Emerging Pathogens Laboratory, Fondation Mérieux, 21 Avenue Tony Garnier, 69007 Lyon, France.
J Virol Methods. 2011 Sep;176(1-2):74-7. doi: 10.1016/j.jviromet.2011.06.003. Epub 2011 Jun 15.
A one-step real time quantitative RT-PCR (qRT-PCR) assay was developed to detect all published Dugbe virus (DUGV) genomes of the Nairovirus genus. Primers and probes were designed to detect specific sequences on the most conserved regions of the S segment. The limit of detection of the assay was 10 copies per reaction which is an improvement of 3 log(10)FFU/mL over the sensitivity of conventional RT-PCR. The specificity of the primers and probe was confirmed with the closely related Nairoviruses CCHFV and Hazara virus, and on the non-related viruses Coronavirus and Influenza A virus. This qRT-PCR assay was used to screen nucleic acids extracted from 498 ticks collected in the Republic of Chad. One sample was found positive suggesting that DUGV is present in this part of the world. The molecular assay developed in this study is sensitive, specific and rapid and can be used for research and epidemiological studies.

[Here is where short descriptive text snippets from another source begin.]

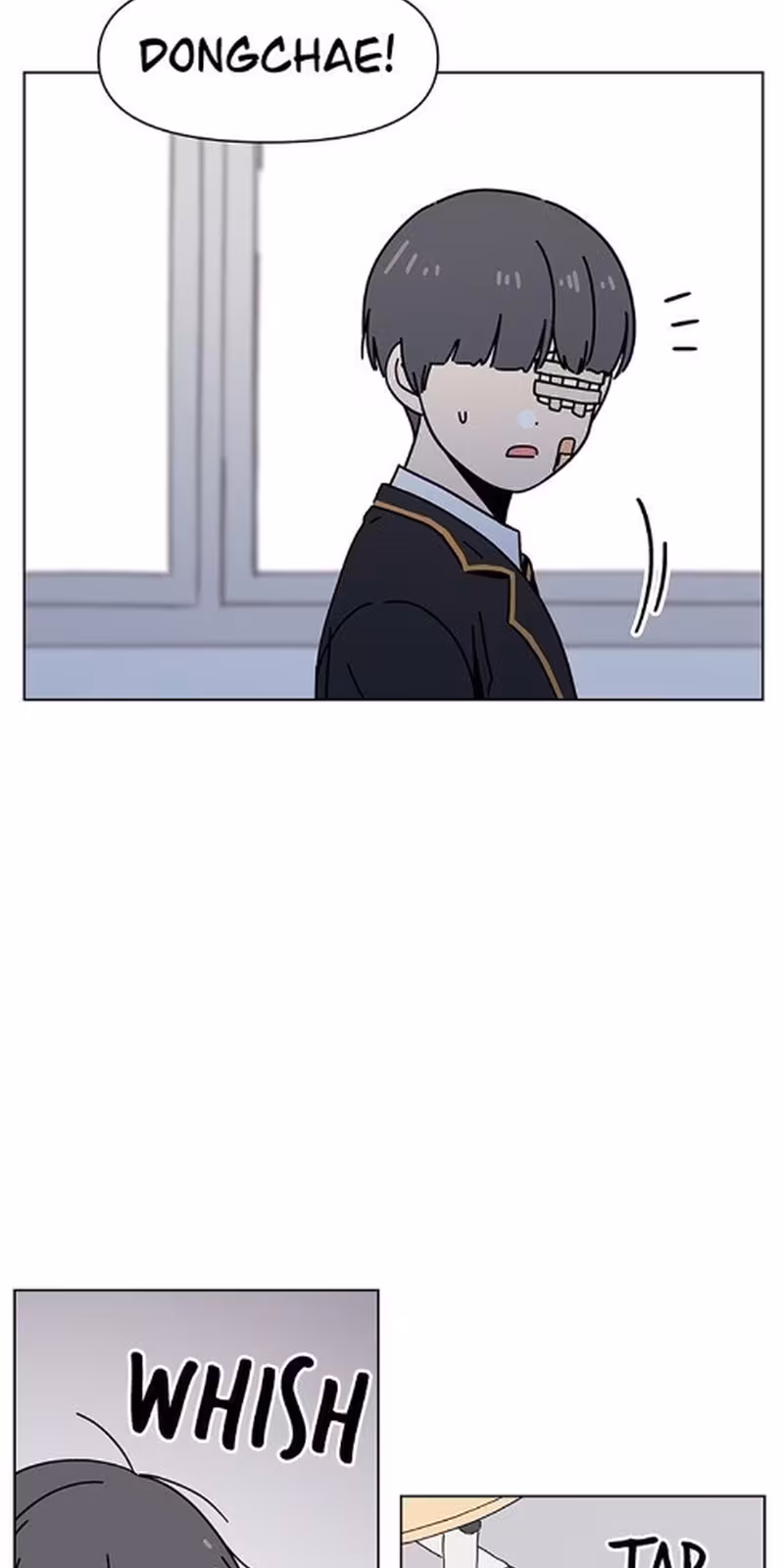 Página do Capítulo 101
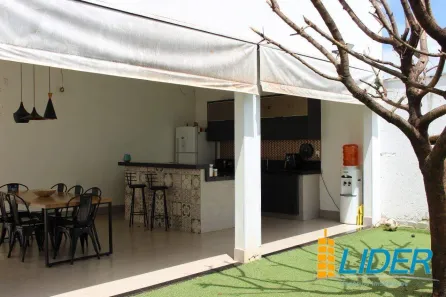 Casa com 3 Quartos à venda, 125m² no Bosque dos Buritis, Uberlândia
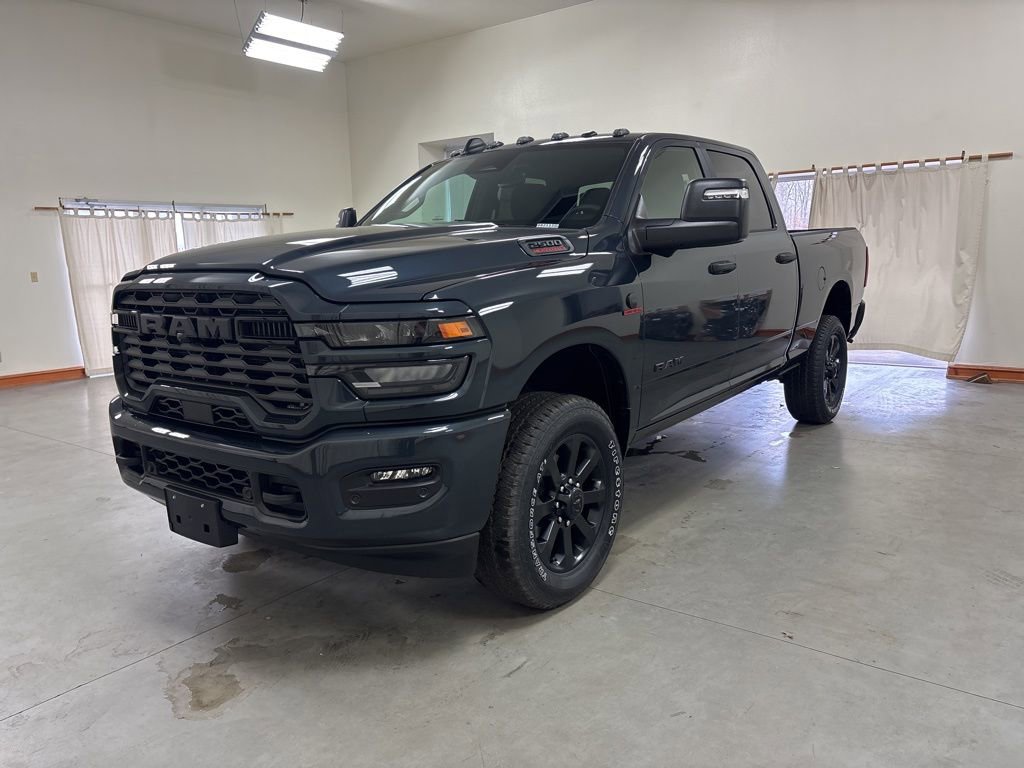 New 2026 RAM 2500 Big Horn image 4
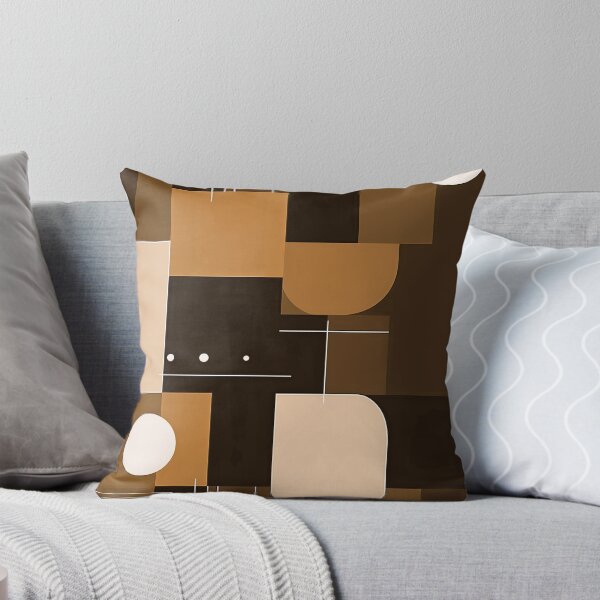 Item preview, Mid-Century Modern Warm Earthtones Sophisticated Designs  designed and sold by DEC02.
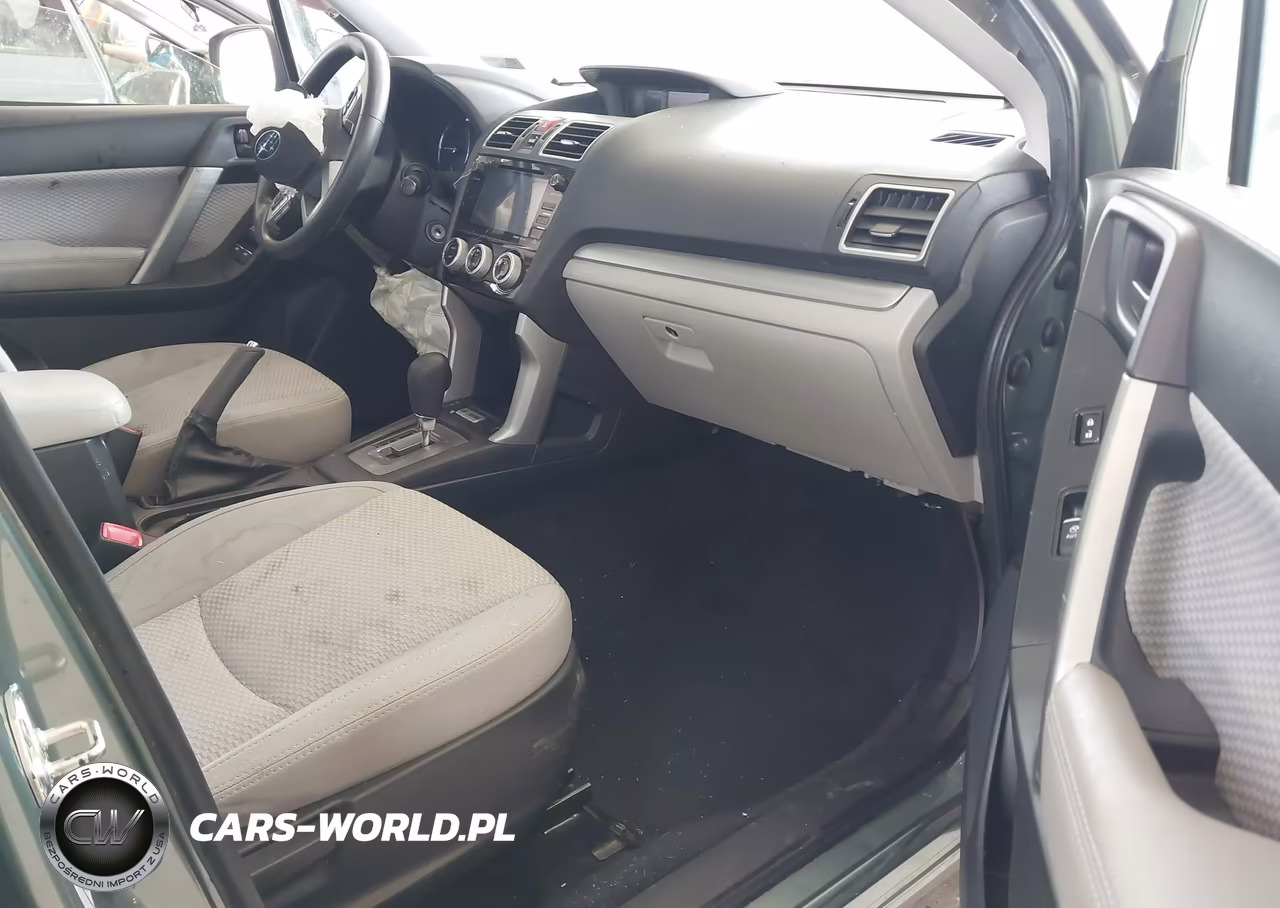 2017 Subaru Forester 2.5I Premium VIN:JF2SJAGC9HH804498 - 5
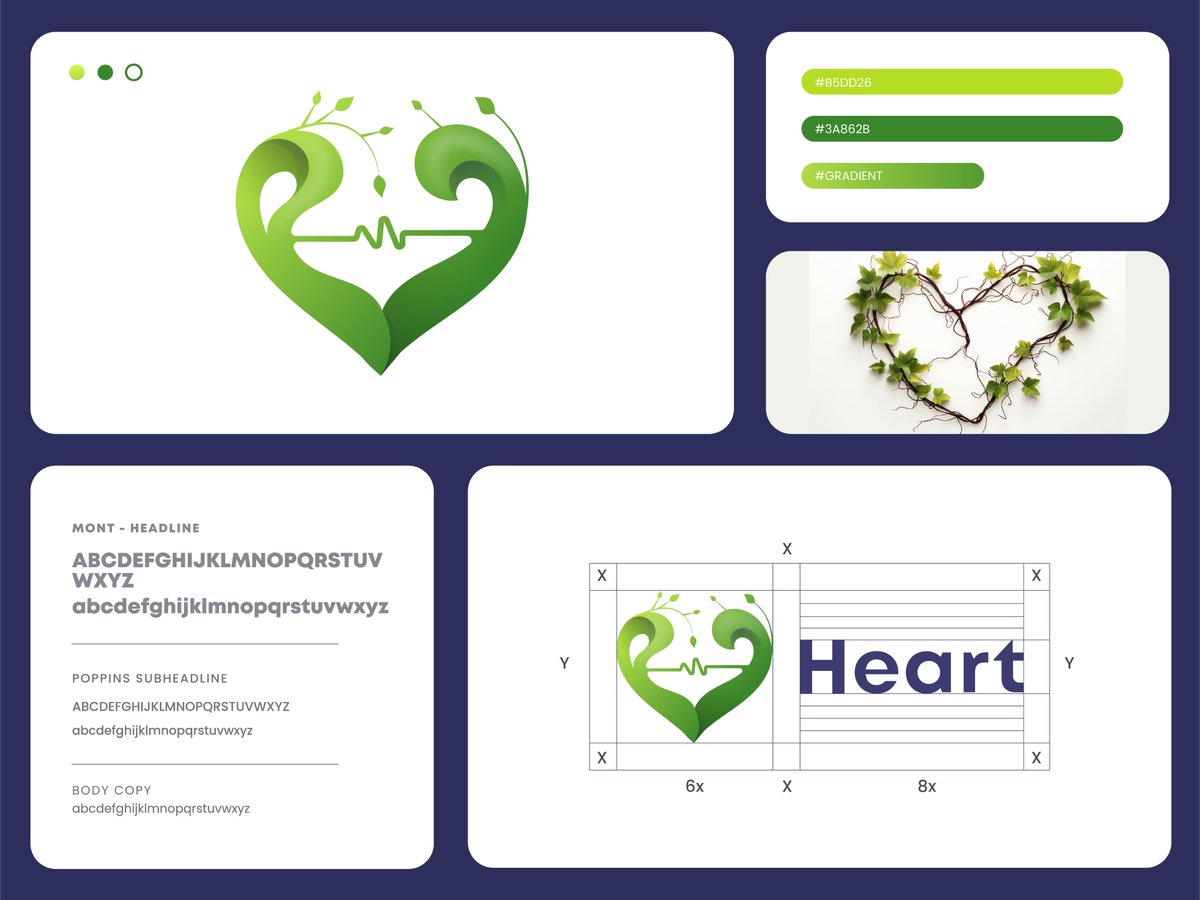 Health Care - Logo design #logo #design #healthcare #health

建立了一种一步法实时定量 RT-PCR(qRT-PCR)检测方法,用于检测纳罗病毒属中所有已发表的杜格贝病毒(DUGV)基因组。设计了引物和探针,以检测 S 片段上最保守区域的特定序列。该检测方法的检测限为每个反应 10 个拷贝,比传统 RT-PCR 的灵敏度提高了 3 个对数(10)FFU/mL。用密切相关的纳罗病毒 CCHFV 和 Hazara 病毒以及不相关的冠状病毒和甲型流感病毒验证了引物和探针的特异性。该 qRT-PCR 检测方法用于筛选在乍得共和国采集的 498 只蜱中的核酸。发现一个样本呈阳性,提示 DUGV 存在于世界的这一地区。本研究中开发的分子检测方法具有敏感性、特异性和快速性,可用于研究和流行病学研究。